Con la carneficina delle Alpi alle spalle sulle strade del Tour, il percorso torna a spianare, ma di ruote veloci non ne sono rimaste poi tante. Il gioco a eliminazione su pendenze eccessive per la maggior parte dei velocisti ha risparmiato Démare, Degenkolb, i nostri Colbrelli e Pasqualon, Kristoff e ovviamente Sagan, magnifico nella sua rincorsa alla maglia verde, estraneo al concetto di sconfitta quando tutti lo aspettano. In volata regola Kristoff e Démare, nelle due tappe successive chiude definitivamente il discorso maglia verde. Fate sei, eguagliato Erik Zabel. Peter è un fuoriclasse assoluto, ça va sans dire.

Le tappe del week-end sono un’occasione di riposo attivo per il gruppo, con la corsa che si spacca in due: i fuggitivi si giocano un prezioso successo di tappa, il gruppo bivacca nell'attesa che succeda qualcosa ma non succede quasi niente. Quasi, perché sulla Côte de la Croix Neuve (o Montée Laurent Jalabert come è stata rinominata in onore del favoloso ciclista francese, 3km al 10,2%), una ventina di minuti dopo che Fraile aveva staccato tutti e portato a casa un roboante successo, è Primoz Roglic a scuotere il gruppo guadagnando 8” sulla maglia gialla.
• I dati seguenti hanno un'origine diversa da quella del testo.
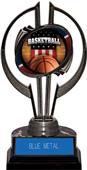 Black Hurricane 7" Patriot Basketball Trophy Black Hurricane 7" Patriot Basketball Trophy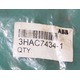 ABB, 3HAC7434-1, Connector Adapter Bag of 5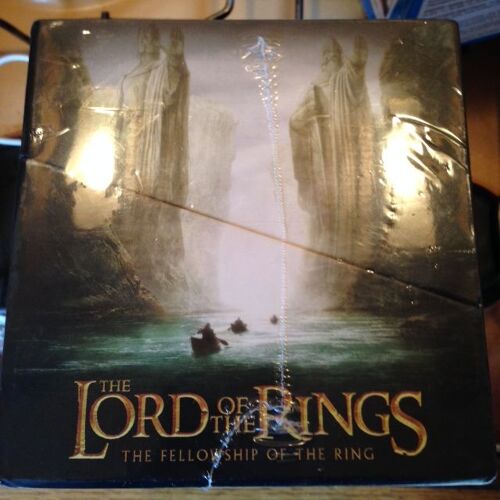 The Hobbit And Lord Of The Rings Complete Gift Set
Quisquilie in termini cronometrici, ma sensazioni di qualcosa che potrebbe essere sui Pirenei.

L’Astana fa doppietta il giorno seguente, con Magnus Cort Nielsen che regola Izaguirre e Mollema sul traguardo di Carcassonne. Il gruppo arriva tredici minuti dopo, ad aspettarlo un meritato giorno di riposo in vista dello scontro finale sui Pirenei, dove ancora una volta il tributo da pagare sarà di sangue e sudore.